Gen IV: Munchlax, then Lucario, then Bonsly, Weavile, and Mime Jr.
Bonsly had the honor of actually being playable to a limited extent in a Pokémon RPG before its own game was released — it was available in the bingo mode of Pokémon XD.
Gen V: Zoroark and Zorua
Gen VI: Chespin, Fennekin, Froakie, Xerneas and Yveltal
Rhydon was the first Pokémon ever created, according to Ken Sugimori. You can see this in Red, Green and Blue's code - the internal list of Pokémon starts with Rhydon. Second is Kangaskhan.
Which might explain why some variations of Missingno. turn into Rhydon at some point and the Glitch Pokémon 'M can actually evolve into Kangaskhan.
Mew was copyrighted in 1990 by Game Freak, years before the release of Red/Green.
Despite this, Nintendo didn't even know that Mew had been programmed in by Shigeki Morimoto when Red and Green were released.
Pokemon Red and Blue weren't the first Pokemon games in Japan. Over there, the duo was originally Red and Green, while Blue was a third game that was pretty much a remake with better graphics and a few bugs fixed.
When they were imported into the United States, Game Freak took the Pokémon lists and scripts from Red and Green and programmed them into Blue, giving us remakes of Red and Green with the improved graphics of Blue.
Incidentally, this is why one of the NPC traders tells you that your Raichu evolved after you trade it to him (Raichu cannot evolve)—they took that line from the Japanese Blue Version, in which you trade him a Kadabra (which evolves into Alakazam when traded).

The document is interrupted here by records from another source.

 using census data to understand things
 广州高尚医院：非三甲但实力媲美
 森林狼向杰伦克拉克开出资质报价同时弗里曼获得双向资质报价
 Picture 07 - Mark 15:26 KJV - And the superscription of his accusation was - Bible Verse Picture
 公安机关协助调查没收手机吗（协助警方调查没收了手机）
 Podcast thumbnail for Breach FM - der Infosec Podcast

This is also the cause for the infamous Green vs. Blue naming of the Rival who later becomes the Gym leader of Viridian. In Japan, the Rival is originally known as Green to the main character's Red. However, since the improved Red and Green versions were released as Red and Blue in America, they wanted to be consistent with your player being one version and your rival the opposite. Many fans argue over which name you should use when referring to Green/Blue/DOUCHE (you DO have the option of naming him in-game despite default canon), while others simply say "whatever."
If a shiny Ditto copies a regularly-colored Pokemon, it will transform into the shiny version of that Pokemon. If a regular-colored Ditto copies a shiny Pokemon, it will transform into the regular-colored version of that Pokemon. And, somewhat-obviously, if a shiny Ditto copies a shiny Pokemon, it will be the shiny variant.
Or at least this was true in Gen III, in the Gen IV games this doesn't work and a shiny Ditto changes into regular-colored Pokémon.
There's an exploit abusing this in Gen II and Gen I. Simply transfer the shiny Gyarados to any Gen I game, and capture a Ditto after it transforms into that Gyarados. Voila, transfer it into any Gen II game and you have a shiny Ditto. And because of the way the game is structured, said Ditto vastly increases your chances for a shiny egg of any other Pokemon when breeding with it.
Currently, Pokemon Ranger: Shadows of Almia is the only Pokemon game in which you can actually die (Specifically, by failing to stop a sinking ship.).
In Guardian Signs, there is a similar mission, except instead of stopping a sinking ship it's escaping a flooding submarine.
The favorite Pokemon of Satoshi Tajiri, the creator of Pokemon, is Poliwhirl.
Suddenly, Red from the Special Manga having Poliwhirl as his first Pokémon makes sense.
And so does a Poliwhirl randomly appearing in a Pokémon Zensho artwork.
As does Poliwhirl randomly being a Pokemon trophy in Super Smash Bros. Melee despite not appearing in the game either as playable, from a Poke Ball or any other way.
Also probably explains why Poliwhirl was the cover Mon on Time magazine once.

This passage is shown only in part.